Arizona governor Jan Brewer doesn’t know what an illegal immigrant looks like, but she knows what “the majority” of them are up to–why, they’re all drug mules, of course! According to CNN, Governor Brewer made this claim earlier this month during a debate of Republican gubernatorial candidates, and then she reiterated it again last Friday:

“Well, we all know that the majority of the people that are coming to Arizona and trespassing are now becoming drug mules,” Brewer said. “They’re coming across our borders in huge numbers. The drug cartels have taken control of the immigration.

“So they are criminals. They’re breaking the law when they are trespassing and they’re criminals when they pack the marijuana and the drugs on their backs.”

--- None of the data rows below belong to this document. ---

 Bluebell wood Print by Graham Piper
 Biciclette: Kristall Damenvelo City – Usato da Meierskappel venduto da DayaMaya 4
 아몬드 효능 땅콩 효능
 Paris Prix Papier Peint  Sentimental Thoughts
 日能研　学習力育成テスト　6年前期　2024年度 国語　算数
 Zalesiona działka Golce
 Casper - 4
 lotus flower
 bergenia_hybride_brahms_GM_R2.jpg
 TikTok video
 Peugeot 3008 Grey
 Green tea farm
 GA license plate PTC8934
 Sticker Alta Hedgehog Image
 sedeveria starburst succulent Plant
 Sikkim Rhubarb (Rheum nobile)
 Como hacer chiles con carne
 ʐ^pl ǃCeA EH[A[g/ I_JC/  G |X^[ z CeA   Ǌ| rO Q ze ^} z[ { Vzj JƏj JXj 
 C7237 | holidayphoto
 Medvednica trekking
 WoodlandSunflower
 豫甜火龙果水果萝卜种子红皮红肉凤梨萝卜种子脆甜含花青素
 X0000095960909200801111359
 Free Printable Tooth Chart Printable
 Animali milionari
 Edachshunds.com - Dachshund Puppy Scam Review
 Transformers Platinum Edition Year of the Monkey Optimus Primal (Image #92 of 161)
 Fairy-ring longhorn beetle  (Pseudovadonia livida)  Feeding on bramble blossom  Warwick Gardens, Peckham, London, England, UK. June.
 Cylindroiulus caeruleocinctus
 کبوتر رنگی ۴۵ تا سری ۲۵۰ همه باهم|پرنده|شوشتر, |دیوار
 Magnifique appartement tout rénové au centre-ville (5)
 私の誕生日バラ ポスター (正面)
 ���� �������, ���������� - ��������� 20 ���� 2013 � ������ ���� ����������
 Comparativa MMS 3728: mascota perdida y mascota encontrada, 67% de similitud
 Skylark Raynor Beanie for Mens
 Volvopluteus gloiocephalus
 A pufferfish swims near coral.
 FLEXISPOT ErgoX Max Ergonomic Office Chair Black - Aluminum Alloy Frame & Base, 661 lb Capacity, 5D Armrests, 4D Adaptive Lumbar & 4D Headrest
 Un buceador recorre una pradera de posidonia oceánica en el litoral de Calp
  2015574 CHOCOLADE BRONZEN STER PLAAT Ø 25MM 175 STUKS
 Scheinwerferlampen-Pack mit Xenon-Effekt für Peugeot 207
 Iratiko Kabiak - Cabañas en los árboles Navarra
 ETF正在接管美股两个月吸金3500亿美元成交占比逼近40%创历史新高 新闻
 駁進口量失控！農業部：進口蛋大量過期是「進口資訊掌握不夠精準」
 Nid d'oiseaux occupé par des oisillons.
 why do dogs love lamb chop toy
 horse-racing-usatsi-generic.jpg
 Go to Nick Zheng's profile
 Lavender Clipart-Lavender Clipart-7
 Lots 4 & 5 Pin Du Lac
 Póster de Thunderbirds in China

In other words, they’re weedbacks!

But here’s the thing: what Governor Brewer’s claiming isn’t true. (Shocking, I know.) It’s just another lie coming out of what is quickly becoming the most fascist and racist place in America. A representative for the National Border Patrol Council, the labor union for almost 20,000 border patrol agents and staff, which actually supports SB 1070, disputed Brewer’s claim as soon as she made it, saying that drugs smuggled across the border by Continue reading Why I Won’t Be Spending My Summer Vacation In Arizona: Governor Claims Most Illegals Are ‘Drug Mules’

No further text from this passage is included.